> _Input records_:
──────────

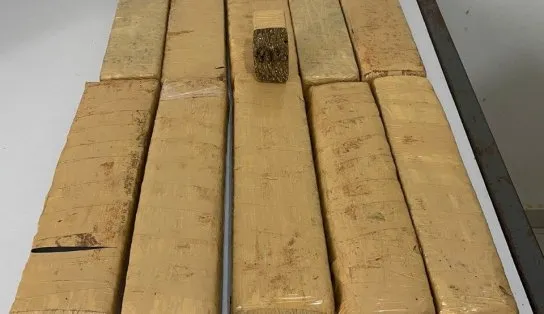 Homem é flagrado com mais de 11 kg de maconha dentro de carro em Barreiras
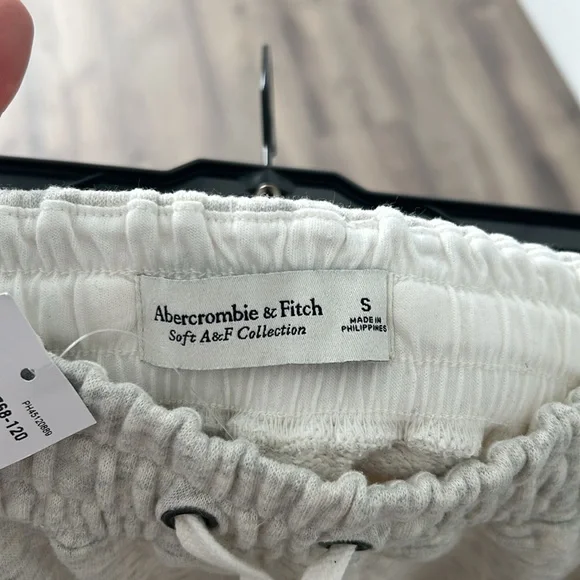 Abercrombie flare sweatpants - Picture 5 of 7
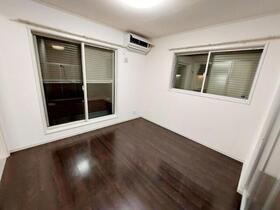 東京都世田谷区給田３ 2階建 築13年6ヶ月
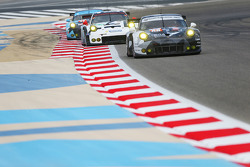 #88 阿布扎比博通车队 保时捷911 RSR:Marco Mapelli、卡里德·阿尔库巴西、克劳斯·巴赫勒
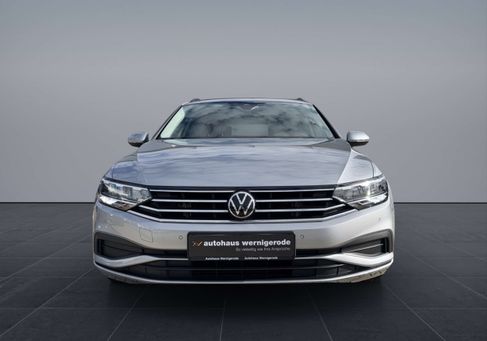 Volkswagen Passat Variant, 2021 3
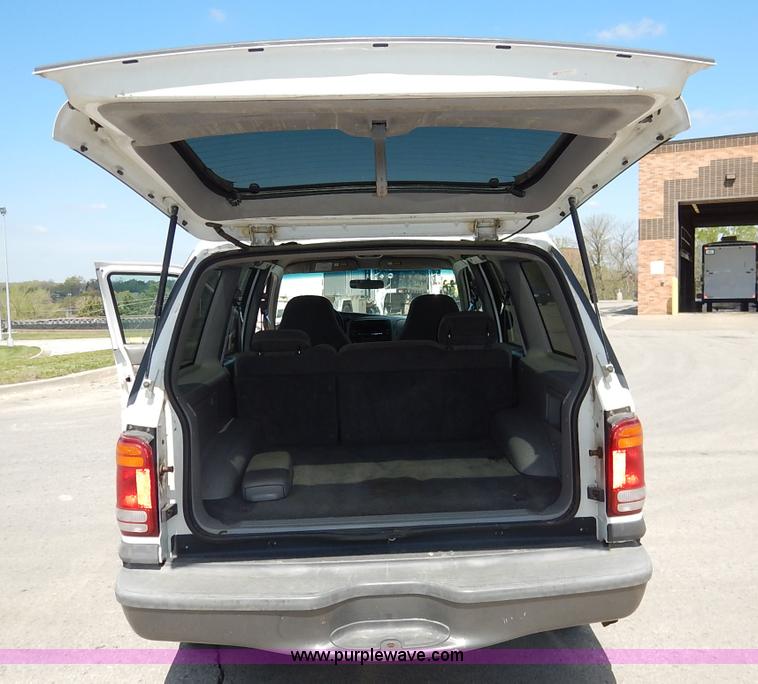 image for item J3965 1999 Ford Explorer SUV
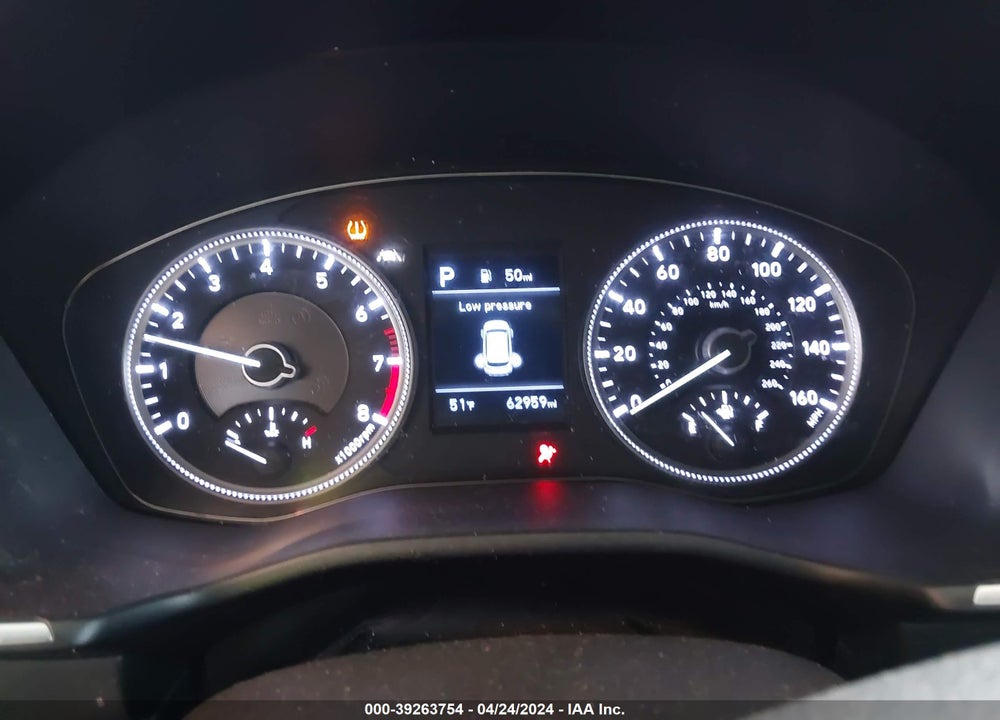 2019 HYUNDAI SANTA FE SE VIN: 5NMS23AD3KH133330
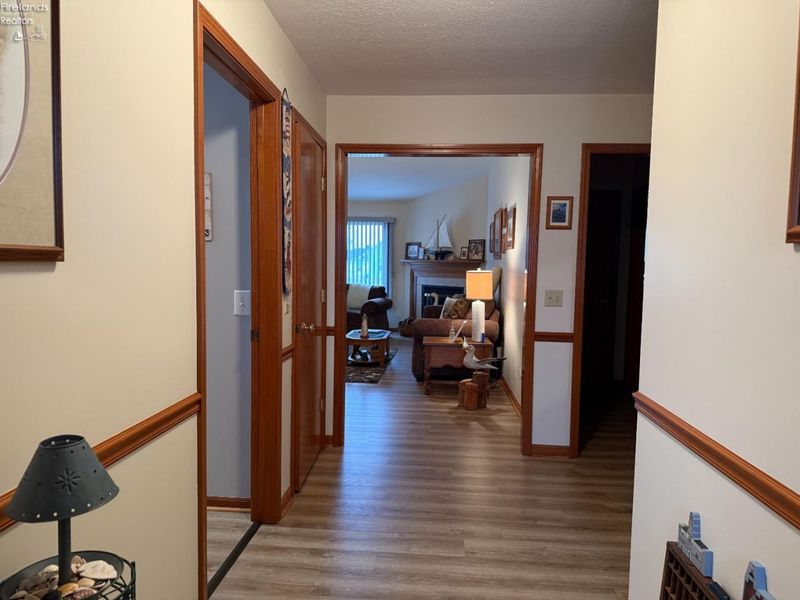 318 Country Meadows Drive, Oak Harbor, OH 43449 Photo 7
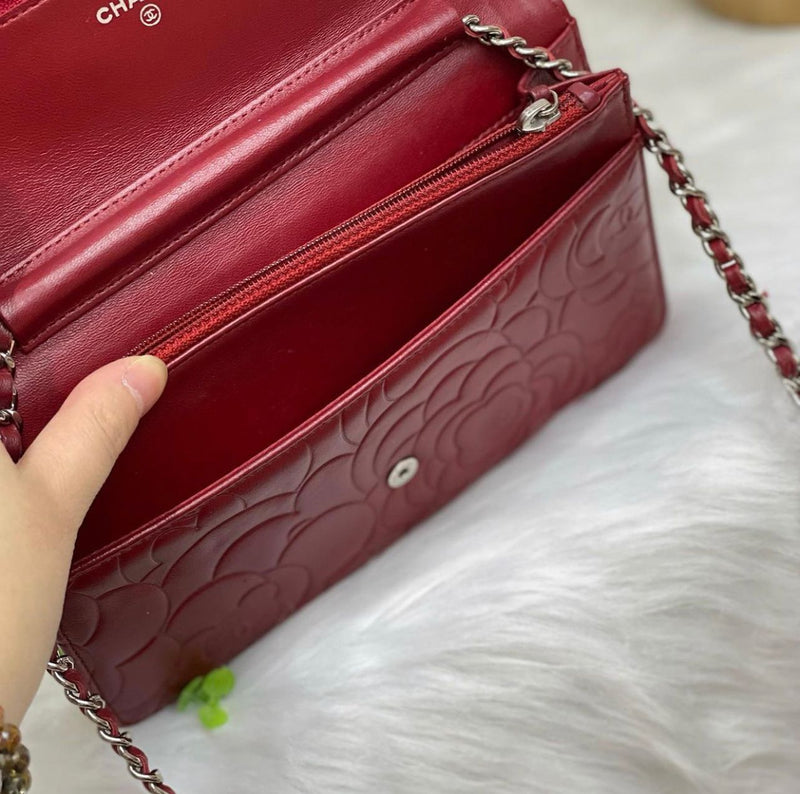 Camellia Wallet on Chain Lambskin Leather Red SHW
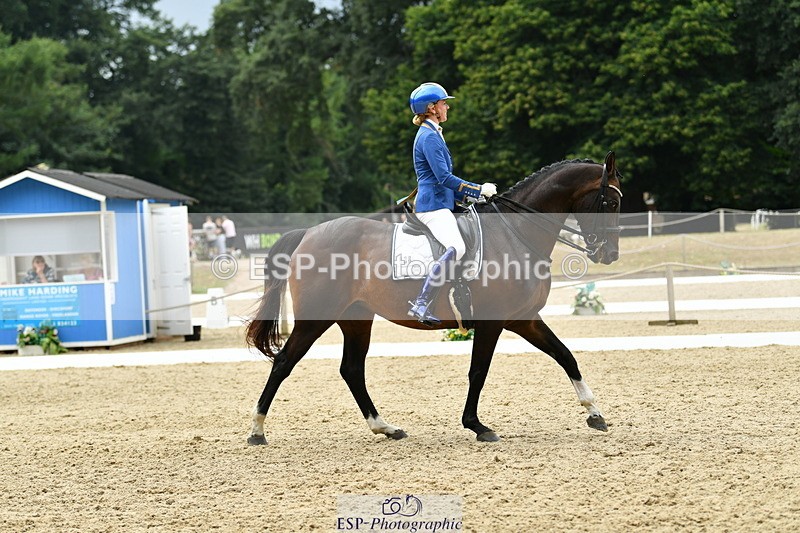 250718A-140225-01966 - 038-Natasha.Collings-Costello-Dovevale.Tender.Dove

──────────

> _Work order_: Lines from the one with "318 Country Meadows" through the final line of the records are the whole answer; print them exactly, minus any pictures.

> _Response to this exercise_:
 318 Country Meadows Drive, Oak Harbor, OH 43449 Photo 7
 Camellia Wallet on Chain Lambskin Leather Red SHW
 250718A-140225-01966 - 038-Natasha.Collings-Costello-Dovevale.Tender.Dove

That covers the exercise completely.